Seeing Differently: Redefining Leadership

If your actions inspire others to dream more, learn more, do more and become more, you are a leader.

~John Quincy Adams

What has become of leadership?  This word seems to get tossed around like the word “great” to the point that it has lost its essence.  The quote above from John Quincy Adams defines the essence of leadership.  Elegant in its simplicity, the language Adams uses gets to the heart of what it means to be a leader.

Believership author and HumansFirst Club Founder, Mike Vacanti, invites us into a different perception about leadership, one not linked to authority and adherence to it.

Separate authority from those you would follow. Are they the same people?

~Mike Vacanti

Again, elegant in its simplicity.  A leader is someone you would choose to follow.  Inherent in this perspective is the notion that you do not determine whether you are a leader or not, those who choose to follow you do.  Your title or authority may put you in a position to be a leader.  Whether you are a leader brings us back to John Quincy Adams’ quote on how you show up to create better with and for others from that position.

Yet, we have become so conditioned to be management-focused that we too often view leadership through the tried and clung-to lens of management language, behaviors and metrics. For many, determined to remain rooted in the ideologies of the Industrial Age and the command and control leadership style so often representative of it, leadership and management have become dehumanizingly synonymous.

Here is my invitation to you: stop using language that reinforces the outdated and erroneous notion that people are to be managed. Support this by living values and practices that support the development and success of leaders who expand human capacity, invite and engage different perspectives and inspire people to create better with and for others.

We manage budgets. We manage calendars. We manage projects. We lead people. Beyond simply leading people, leadership is about leading people to create positive outcomes together.

To those of you who may see yourself as a “people manager”, what if you reframed this to “I am a people leader”?  You may manage the employee roster or human capacity needs for your organization. You might be in charge of a functional team of people responsible for delivering business support or solutions for your clients. Your role may be to manage projects and the associated work assignments and delivery for your team. These are tasks you manage.  To create value and successfully deliver the project, you lead people to be and bring their best contributions so you can create better together.

A leader’s role is to create the conditions that enable growth and success, such as:

  • psychological safety
  • proactive, transparent communication
  • setting clear expectations
  • defining clear roles and responsibilities
  • being the calm navigator through the challenges and uncertainties that might arise
  • inviting the perspectives of others to interdependently co-create solutions that best serve your clients’ needs

Leadership requires you to be in the fray with your team, interdependently working to solve problems and deliver value. Leadership requires that you lead from the front during difficult times, you celebrate and recognize your people and their contributions to success, and you model what you seek to inspire and see from others to create an interdependent, creative, innovative team that aspires to be and create better together.

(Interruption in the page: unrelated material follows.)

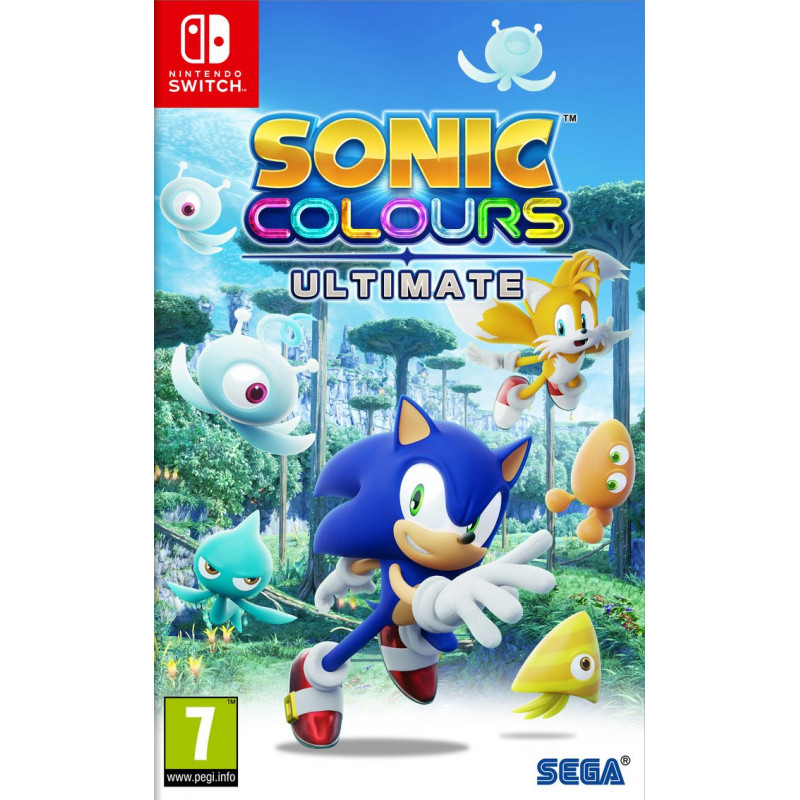Sonic Colours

Leadership at its core is human, requiring genuine connection, vulnerability, courage, humility, and emotional intelligence. Leadership is the epitome of caring.  It is rooted in love, compassion, humility, and belief. Strong leadership does not happen without these essential human elements that create connection with one another, inspire and unite people behind a shared vision and purpose, and unleash human greatness to expand human capacity, ignite greater contributions and multiply impact.

Leadership is the nexus of heightened presence, self-awareness, intentional other and situational awareness, emotional intelligence, relationship-building, and influence.

Questions you might often hear from a strong leader include:

  • What do you see?
  • How might we?
  • What else should we be considering?
  • What are we missing here?
  • How would you approach this challenge?
  • Who else should we invite into this conversation?
  • What other perspectives would be valuable to our decision-making process?

When we are experiencing strong leadership, there is an energy of “we” and “us” that is consistent, strong, yet vulnerable.  It is compassionate, welcoming and inspiring. It brings forth the unique brilliance of each team member and the collective to expand human capacity, creativity, innovation and purposeful action to create better solutions and outcomes, together.

The time is now to overwrite the outdated, dictatorial, self-serving and suppressive management paradigms espoused as leadership with truly human leadership that meets the demands of 2020 and beyond. The practice of, obedience to, and myopic focus on the short-term, on 90-day cycles of earnings reporting, is a pattern that needs to be broken.  Slavishly being beholden to delivering shareholder value, to extracting results from people no matter the mental health, physical health or other human tolls this takes, is no longer desirable nor sustainable to meet twenty-first-century global business and societal demands.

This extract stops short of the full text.